She launched the new outfit at the Artisan Market at Cornucopia last month.

She produces certified organic whole leaf wellness teas. Teas such as EchinaChai bags ayurvedic spices as well as a boost of Echinacea. The Namasthe chai is a warming tea with cinnamon, cardamon and black pepper. Other teas cool the body — Mountain Mint is made with spearmint and peppermint — while others calm the mind with Savasana’s lemon and chamomile.

While more evenings than I like are reduced to large mugs of tea with Mighty Leaf tea bags sitting sloppily in a clump to the side, I broke out my blue rose tea pot with my pink freckled milk and sugar dishes for Namasthe’s Fresh Tracks Breakfast tea. The name and tea pouch illustration of a snowy Inukshuk on top of Whistler Mountain are obviously marketing choices. But when I taste the fragrant black tea, it could be a taste choice as well.
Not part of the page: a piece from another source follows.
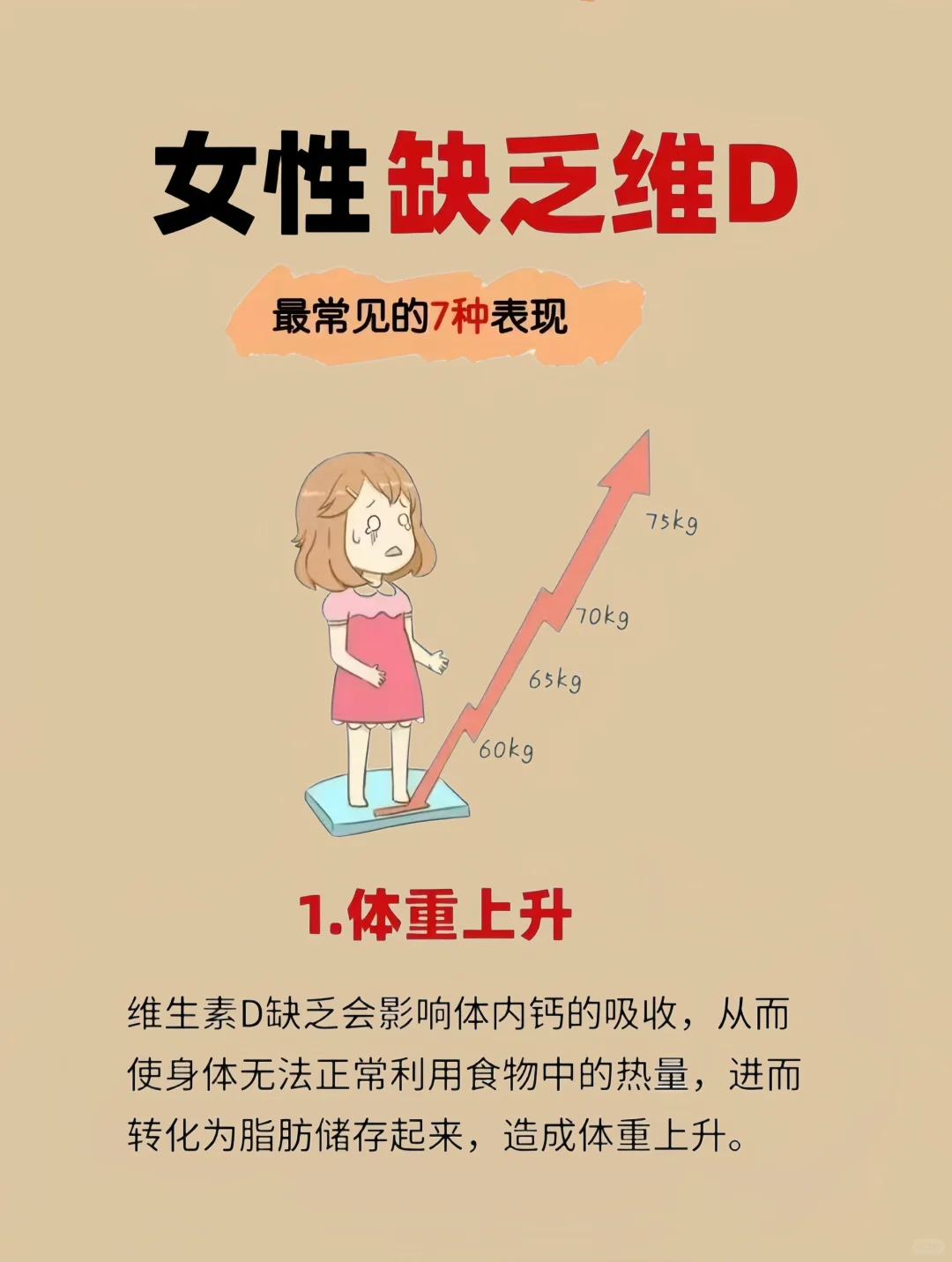 姐妹们?维生素D缺乏真的很常见‼️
For a tea granny, this is the equivalent to fresh tracks: awakening and fresh, only you get to be warm.

Further warming your heart, the tea company donates 8 per cent of its profits to global sustainability, health and wellness causes including the B.C. SPCA, WWF, The Land Conservancy, Planetair Carbon Offsets, Friends of Ayurveda, American Botanical Council and the American Herbalists Guild.

Their travel mugs are also 100 per cent biodegradable and recyclable.

Namasthe will be available at local grocery stores at roughly $10 a box as well as local restaurants, cafes, spas, yoga studios and hotels in the near future.

Until then, it’s a tea party for one with Namasthe Tea, whose whole leaf teas are as story worthy as the teapots I pour it from.